Multi-threading in JavaScript: Worker Threads
JavaScript Chats with ACM Hack Session 5
November 11, 2019
- An overview of multi-threading
- Different kinds of multi-threading
- Creating a Web worker
- Inter-thread communication
- When should we use multi-threading?
- Libraries for multi-threading
An overview of multi-threading
For the past decade, computer-makers have realized that there are physical limits to the performance of a CPU. At some point, newer CPUs can no longer process each instruction much faster than the previous generation of CPUs – and it is clear that we are nearing that point.
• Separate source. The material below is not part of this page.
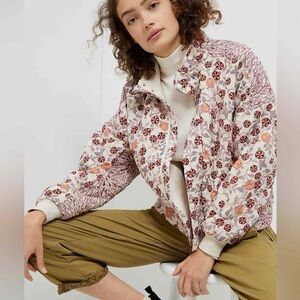 Anthropologie Saturday Sunday Boho Quilted Floral Bomber Jacket - Size Large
The key to increasing computer performance then rests in the ability to process multiple instructions simultaneously by packing more “cores” onto each individual CPU, rather than making each core faster.
Unfortunately, programs designed to run on a single thread (or CPU core) are unable to automatically take advantage of the increasing number of cores on a system. One of the reasons for this is the problem of synchronization. Single-thread programs assume a linear order of execution; to wit, with the following piece of JavaScript code, we expect “Alonso” to be printed before “Bellinger.”
console.log('Alonso');
console.log('Bellinger');
Now consider the case where this program runs in a multi-threaded fashion, with each of these statements running on a different core. There then would be no guarantee to the order of output: the first statement could finish later than the second, or it could start later but finish sooner, or it could even run just as expected, starting and finishing before the second statement runs. To recover the single-threaded behavior, we’d have to make the two CPU cores synchronize with each other before and after statement – which essentially defeats the purpose of using multiple cores.
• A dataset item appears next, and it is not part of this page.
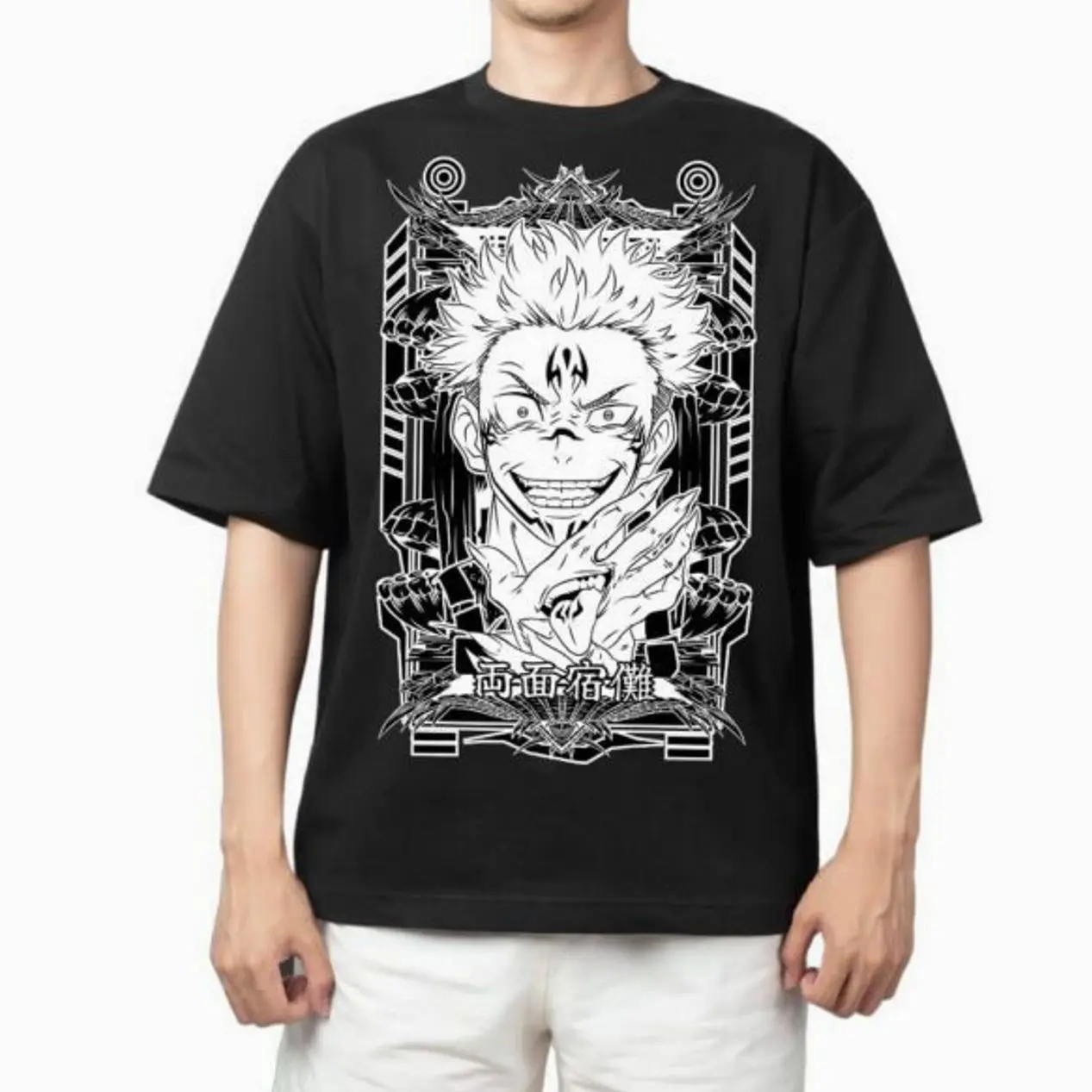 Limited Ryomen Sukuna King of Curses Graphic Merch Malevolent Shrine Oversize T-shirt Unisex Jujutsu Kaisen Streetwear Top, Heavyweight Cotton Retro Anime Shirt, Gift for Anime Lover, Clothing for fans, Seamless Oversized.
Even though multi-threading doesn’t work too well with this application, as we will soon see, there are many JavaScript programs where multi-threading is able to provide a huge boost in performance. It does however take a human – not a machine – to identify if and how multi-threading could improve the performance.
Different kinds of multi-threading
Different programming languages support multi-threading differently.
Many traditional languages like C, C++, and Java all support shared-memory multi-threading. In this régime, two threads belonging to the same program have access to the same variables. A thread can modify variables and other in-memory objects that belong to another thread.
On the other hand, JavaScript (until very recently) does not support shared-memory multi-threading at all. In JavaScript traditionally, for two threads to communicate with each other, they have to explicitly send “messages” to the other thread. Any objects that are sent through the communication channel are copied, so there is no way for two JavaScript threads to read the memory of the other thread.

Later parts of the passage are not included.